June 2, 2022, will mark the sixth appearance Golden State has made in the NBA Finals since 2015. In that time, Stephen Curry, Klay Thompson, Draymond Green, Andre Iguodala, and Kevon Looney have accumulated 123 games of NBA Finals experience. Keep in mind that Damion Lee was also on the team when they made the finals in 2019, and Iguodala made the finals with the Miami Heat in 2020.

That’s 123 more games than any of the Celtics have, which had NBA Analysts and former NBA Champions Richard Jefferson and Kendrick Perkins wondering how that could play a role in how the 2022 NBA Finals turn out.

“When you have experience, it just allows you to get into your rhythm (and) your system,” Jefferson said. “Understanding the Super Bowl Media Day is very similar to NBA Finals Media Day. There is so much attention and all of the hoopla that comes with it. When you’ve been through it, it a little bit easier to focus on basketball.”

Perkins, who made the NBA Finals four times in his career with the Celtics, Oklahoma City Thunder, and Cleveland Cavaliers, said how a team handles their lack of experience when making their first NBA Finals depends on the team itself.

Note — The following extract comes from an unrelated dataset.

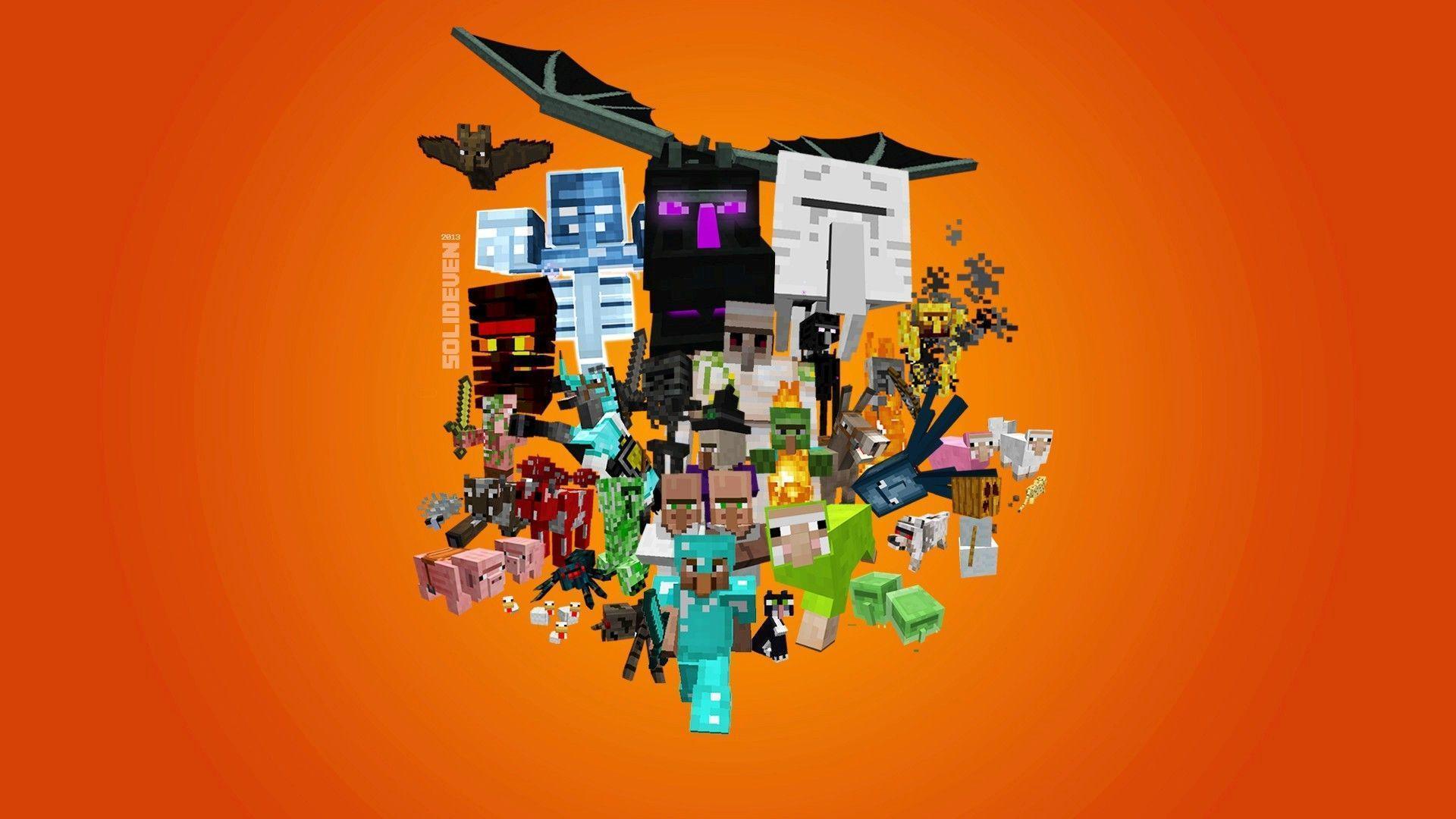 minecraft ipod Wallpapers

“It depends on what team you’re on,” Perkins said. “I was on the Boston Celtic team with a lot of veteran guys that didn’t have championship experience and walked right into it and just played the game of basketball. I also was on the young Oklahoma City Thunder team where we walked into the finals and it was a bit overwhelming… The one thing I would give (the Celtics) advice on is ‘Yeah, live it up. Embrace this moment, but you have to regroup and remember that, at the end of the day, yes it is the finals, and I know how hard the journey is to get to the finals, but don’t get caught up in the moment. Remember, it’s still just basketball. Because if you don’t, then the Golden State Warrior team will be waiting on you.'”


Former NBA Star Weighs In On Boston’s Finals Inexperience

Amar’e Stoudemire never made the NBA Finals during his playing days, but he came close twice. Both times came when he played for the Phoenix Suns when they made the Western Conference Finals in 2005 and 2010 – they also made it in 2006 but Stoudemire wasn’t playing. He recently gave his expertise on how big a factor Boston’s lack of NBA Finals experience will be going in on the ESPN show, “Bart and Hahn.”

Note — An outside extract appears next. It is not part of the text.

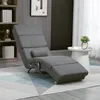 HOMCOM Relaxliege mit Massagefunktion elektrischer Produktbild-Vorschau 9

“As the games play out, where there’s Game 1 through Game 7, there’s going to be stretches throughout those games where you can see the lack of experience they place,” Stoudemire said. “Whether it’s closing out quarters, whether it’s managing the timeouts, whether it’s making the right plays, whether it’s controlling every possession. You’re going to have those stretches throughout the game where there’s going to be ‘a lack of experience’ moments, but I do think they have enough talent around them to make up that difference.”

Stoudemire also predicted that Boston will win the series.


Boston Did Not Have Much Finals Experience in 2008

As Perkins said in that previous segment for ESPN, the first time he made the NBA Finals with the Celtics, they didn’t have much finals experience when they faced the Los Angeles Lakers in the 2008 NBA Finals.

At that time, they only had three players on that team who had NBA Finals experience going in. Those players were Sam Cassell, who two championships with the Houston Rockets in 1993 and 1994, James Posey, who won the title with Miami in 2006, and Brian Scalabrine, who played for the New Jersey Nets both times the team made the finals in 2001 and 2002. Combined, the three of them had 23 games of NBA Finals experience.

The 2007-08 Lakers on the other hand had more finals experience between the late great Kobe Bryant (20 games), Derek Fisher (20 games), and Luke Walton (four games). Combined, they had 44 games of NBA Finals experience.

The disparity then may not have been as substantial as it is now between the current Celtics and current Warriors, but Boston’s lack of NBA Finals experience did not stop them from defeating the Lakers 4-2 to win their 17th championship as a franchise.

The only way we’ll know if Boston will suffer from their lack of NBA Finals experience will hurt them is how they do against Golden State.